Un jeune homme plein de fougue le défia, persuadé que sa vitalité viendrait à bout de cet homme d’un autre temps. Il avait pour habitude d’insulter ses adversaires jusqu’à ce qu’ils réagissent sur le coup de la colère et alors, profitant de leur emportement, il prenait l’avantage.

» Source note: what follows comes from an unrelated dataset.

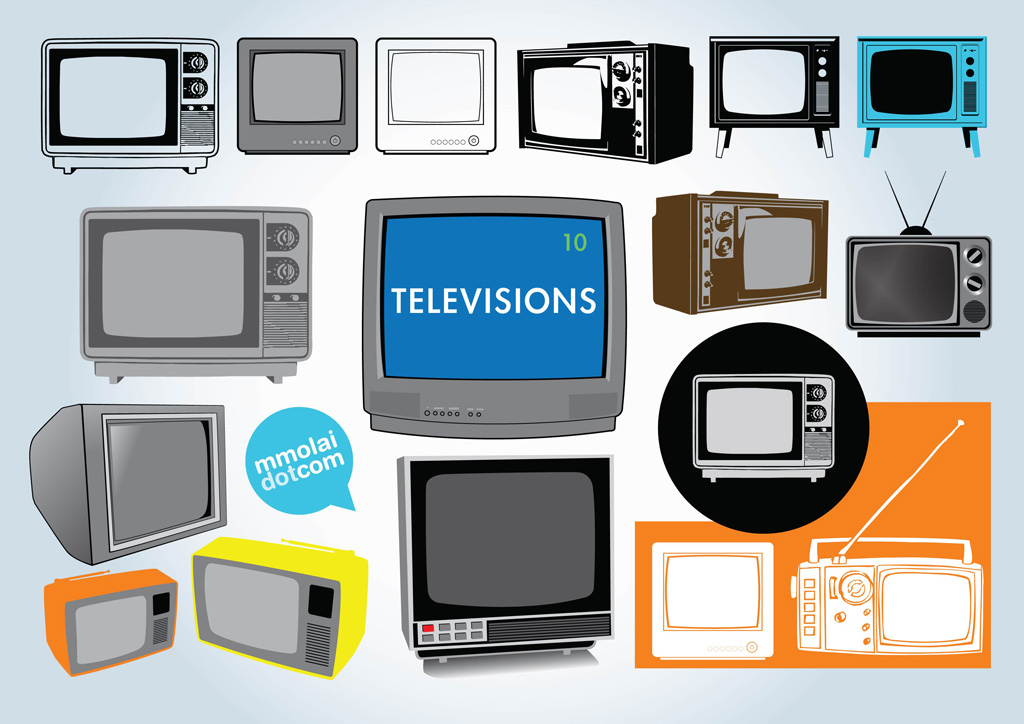 1024x724 Free Television Vectors Vector Art Graphics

Sur la grande place du village, devant tous les habitants, le jeune guerrier se mit à tourner autour du vieil homme en l’insultant, il lui cracha au visage, il insulta jusqu’à ses ancêtres, il moqua ses états de service et ce, plusieurs heures durant…
Le vieux samouraï resta impassible.
Le jeune homme, continuait son manège jusqu’à ce que, épuisé, et quelque peu impressionné par cette impassibilité, il finisse par déclarer forfait, humilié…
Les villageois demandèrent alors au vieux samouraï :
- Mais comment avez-vous pu tolérer cela ? Pourquoi ne pas avoir réagi ? Vous avez laissé ce jeune homme humilier votre lignée, vous avez réagi comme un lâche !
Le vieil homme répondit :
- Si quelqu’un vous offre un cadeau mais que vous le refusez : à qui appartient-il alors ?
- Euh… À la personne qui l’offre…
- Cela s’applique également à la jalousie, à l’envie, au reproche, à l’agression, à l’insulte : si vous ne l’acceptez pas en pensant que cela vous concerne, cela reste tout simplement avec celui ou celle qui vous le destinait.